# Hen, Jake, or Gobbler track?



## Cane_Creek (Feb 25, 2008)

Just curious to what you guys think?  I should have placed something beside the track for scale.


----------



## rex upshaw (Feb 25, 2008)

jake or gobbler.


----------



## Randy (Feb 25, 2008)

Hard to tell gobbler from Jake but it is not hen.


----------



## Huntinfool (Feb 25, 2008)

Well....I was gonna say hen so...

I think the black dot behind the track is just a black dot and not part of the track.  Scale would definitely help.  But it looks like a hen to me.


----------



## Wetzel (Feb 25, 2008)

I'll also say hen.


----------



## Cane_Creek (Feb 25, 2008)

The black dot is part of the track.. I noticed it when I was taking the picture and looked closely at it.


----------



## Huntinfool (Feb 25, 2008)

ok, then I guess I'd go jake.  It's off to the side pretty far, that's why it looked like just part of the ground to me.  Scale would help.  But I'd go jake if that actually is part of the track.

To me, a heavier bird's toes would be more spread out than that in a track.  The weight forces them out more (at least that's how it works in my crazy head).


----------



## Georgiaboy83 (Feb 25, 2008)

Jake


----------



## blong (Feb 25, 2008)

I have measured my middle(birdie) finger against tracks that I saw toms make and what I found is:
From the big knuckle at the base of my finger to the tip of my finger is generally the same lenght as a toms track from his heel(center pad) to the tip of his toenail on his middle toe.
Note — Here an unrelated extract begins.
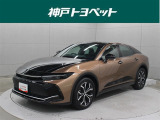近隣府県への販売に限らせていただいております。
Sometimes a jake track is this long but the toes are very skinny compared to a adult tom.  The dot you see at the back off the track is from the claw on the back of the leg.


----------



## hawglips (Feb 25, 2008)

Its a gobbler (or jake).  The long middle toe gives it away.


----------



## Cane_Creek (Feb 25, 2008)

Last season I had three jakes walk by me where I took this pic (yesterday).  Maybe it's one of those guys.


----------



## jcarter (Feb 25, 2008)

hard to say without something to give it scale. it was leaning to the right though.


----------



## Slings and Arrows (Feb 25, 2008)

How long was the stride between tracks?


----------



## Cane_Creek (Feb 25, 2008)

Didn't take note of the stride.  The bird was with another bird, about the same size track.


----------